The syntax for using the Xml.dom module has changed a bit compared to earlier articles. The DOM implementations in Python 2.0 are called Xml.dom.minidom and provide a lightweight and small version of the DOM. Obviously, some of the experimental features in the complete Xml-sig DOM are not put into the xml.dom.minidom, but you don't notice it.
Building a DOM object is simple; just:
Listing 4: Creating a Python DOM object in an XML file
from Xml.dom.minidom
import
parse, parsestring
dom1 = Parse (' mydata.xml ')
# Parse a XML file by Name
Using DOM objects is a very straightforward work of OOP patterns. However, many of the properties of similar listings are often encountered in hierarchies that cannot be easily differentiated immediately (except for circular enumeration). For example, here is a typical snippet of DOM Python code:
Listing 5: Iteration through the Python DOM node object
For
node
in
dom_node.childnodes:
if
node.nodename = = ' #text ':
# PCDATA is a kind of node,< C14/>pcdata = Node.nodevalue
# but not a new subtag
elif
node.nodename = ' spam ':
spam_node_ List.append (node)
# Create List of <spam> nodes
The Python standard documentation has some more detailed DOM examples. The directions in my earlier article about using DOM objects (see Resources) are still correct, but some method and property names are changed since the article was published, so consult the Python documentation.
module: Pyxie
The Pyxie module is built on top of Python standard XML support, which provides an additional high-level interface for XML documents. Pyxie will do two basic things: it transforms an XML document into a line-based format that is easier to parse, and it provides a way to treat an XML document as an operable tree. The Pyxie PYX format used is not language-specific, and its tools are available in several languages. In summary, the PYX representation of a document is easier to use than a common line-based text processing tool, such as grep, sed, awk, bash, Perl, or standard Python modules, such as String and re, compared to their XML representations. Depending on the result, converting from XML to PYX can save a lot of work.

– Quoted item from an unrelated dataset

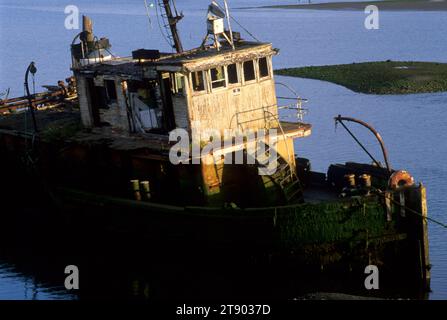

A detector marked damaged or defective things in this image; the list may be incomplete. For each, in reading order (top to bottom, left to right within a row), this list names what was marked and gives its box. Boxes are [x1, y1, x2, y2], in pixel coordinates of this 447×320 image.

broken window [209, 65, 226, 89]
rusty metal [332, 115, 392, 172]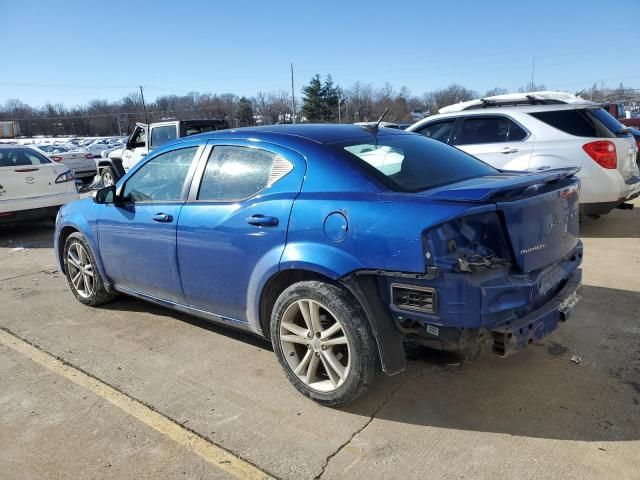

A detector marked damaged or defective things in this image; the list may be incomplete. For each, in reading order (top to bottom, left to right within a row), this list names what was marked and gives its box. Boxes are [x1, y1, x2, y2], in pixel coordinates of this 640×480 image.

damaged rear bumper [490, 270, 580, 356]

Pyxie the idea of an XML document as a tree is similar to the idea in DOM. Because the DOM standard is widely supported in many programming languages, if the tree representation of XML documents is required, most programmers use DOM standards rather than Pyxie.

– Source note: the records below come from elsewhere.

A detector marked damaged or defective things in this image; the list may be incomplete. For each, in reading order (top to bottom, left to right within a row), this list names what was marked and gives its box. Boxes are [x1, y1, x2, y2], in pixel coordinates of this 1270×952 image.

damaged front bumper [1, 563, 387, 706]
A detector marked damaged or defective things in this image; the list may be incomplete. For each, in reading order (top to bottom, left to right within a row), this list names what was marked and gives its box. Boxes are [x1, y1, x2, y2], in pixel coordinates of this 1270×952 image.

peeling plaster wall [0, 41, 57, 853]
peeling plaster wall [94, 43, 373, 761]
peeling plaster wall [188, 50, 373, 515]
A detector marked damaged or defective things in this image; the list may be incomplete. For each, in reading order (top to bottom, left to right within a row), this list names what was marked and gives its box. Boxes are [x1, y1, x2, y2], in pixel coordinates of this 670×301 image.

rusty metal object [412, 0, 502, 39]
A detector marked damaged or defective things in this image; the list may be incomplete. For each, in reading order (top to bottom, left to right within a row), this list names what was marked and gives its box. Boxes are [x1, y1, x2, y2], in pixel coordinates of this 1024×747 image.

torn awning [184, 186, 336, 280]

more modules: Xml_pickle and Xml_objectify
I developed my own advanced modules for processing XML, called Xml_pickle and xml_objectify. I've also written a lot of similar modules elsewhere (see Resources), and there's no need to do much about it here. These modules are useful when you "think in Python" rather than "think in XML." In particular, xml_objectify itself hides almost all of the XML cues from the programmer, allowing you to fully use the Python "original" object in your program. The actual XML data format is almost invisible. Similarly, xml_pickle the Python programmer to start with the "original" Python object, whose data can be derived from any source code, and then put them (sequentially) into an XML format that other users may need later.